The Culture of Corrections – The Crime Report

It was a typical midnight shift for a corrections officer in Northern New Jersey responsible for escorting a nurse in the medical unit of the county jail so she could screen inmates who had recently arrived. Additional officers made their rounds, waking up inmates who had fallen asleep in the holding cells. Then, they encountered a problem. One inmate did not wake up quickly enough, most likely due to the lingering effects of whichever drug(s) he took prior to his arrest. Commotion erupted. The officer who had been escorting the nurse went to see what was happening only to find two white officers about to beat up a black inmate. Acting on impulse, the escorting officer stood between them and insisted that he would now bring this inmate to see the nurse. 
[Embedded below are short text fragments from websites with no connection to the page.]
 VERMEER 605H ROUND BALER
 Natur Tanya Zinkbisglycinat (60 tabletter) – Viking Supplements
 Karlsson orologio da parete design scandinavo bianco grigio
It didn’t matter that the other two officers who continued to stare him down had more time on the job; doing the right thing simply mattered more. The inmate, grateful, thanked him and would continue to thank him for the years that followed even after he had been released. He had run into this correction officer several times on the street only to remind him, “You saved my life that night.” 

“I was that type of officer that I wouldn’t let anything unethical happen before my eyes. I wouldn’t allow it. I would intervene,” the officer who is now retired and wished to remain anonymous told The Crime Report. But do all corrections officers choose to do the right thing while on the job? If not, what prevents them from adhering to a moral code? 
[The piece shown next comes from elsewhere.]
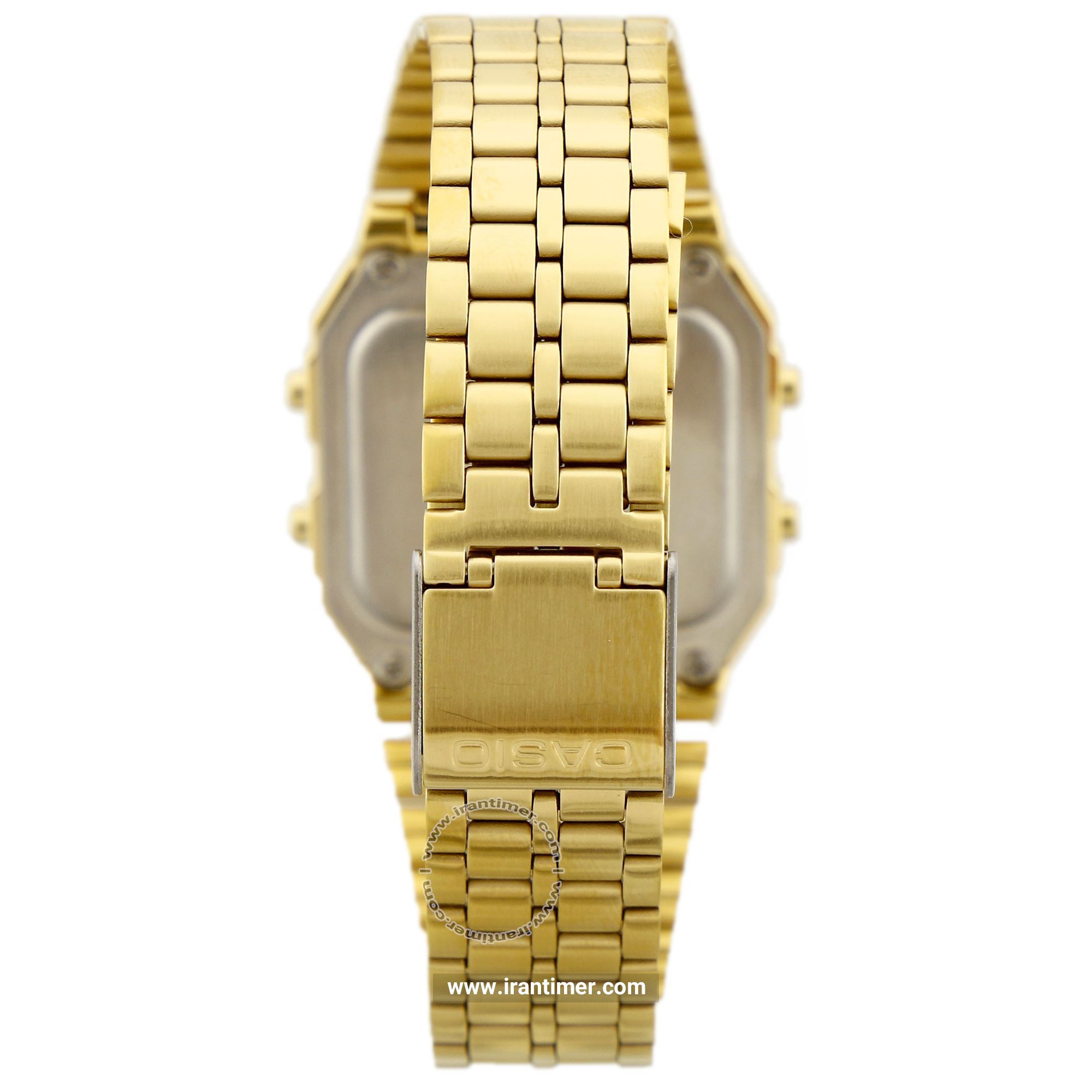 قیمت و خرید ساعت مچی مردانه زنانه کاسیو (CASIO) جنرال مدل A500WGA-1DF کلاسیک | اورجینال و اصلی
Not every officer or staff member would step in to help an inmate, even when the consequences may lead to an outcome of life or death. For instance, the same heroic officer who recounted his experience of choosing right over wrong, sees it as common for staff and officers to not fulfill their daily job responsibilities. He specifies, “If an inmate hangs up”—meaning, if he commits suicide—and he put in about three, four letters to see mental health [personel], and mental health never came, you would never know it because mental health is going to rip all those letters up and throw them in the garbage.”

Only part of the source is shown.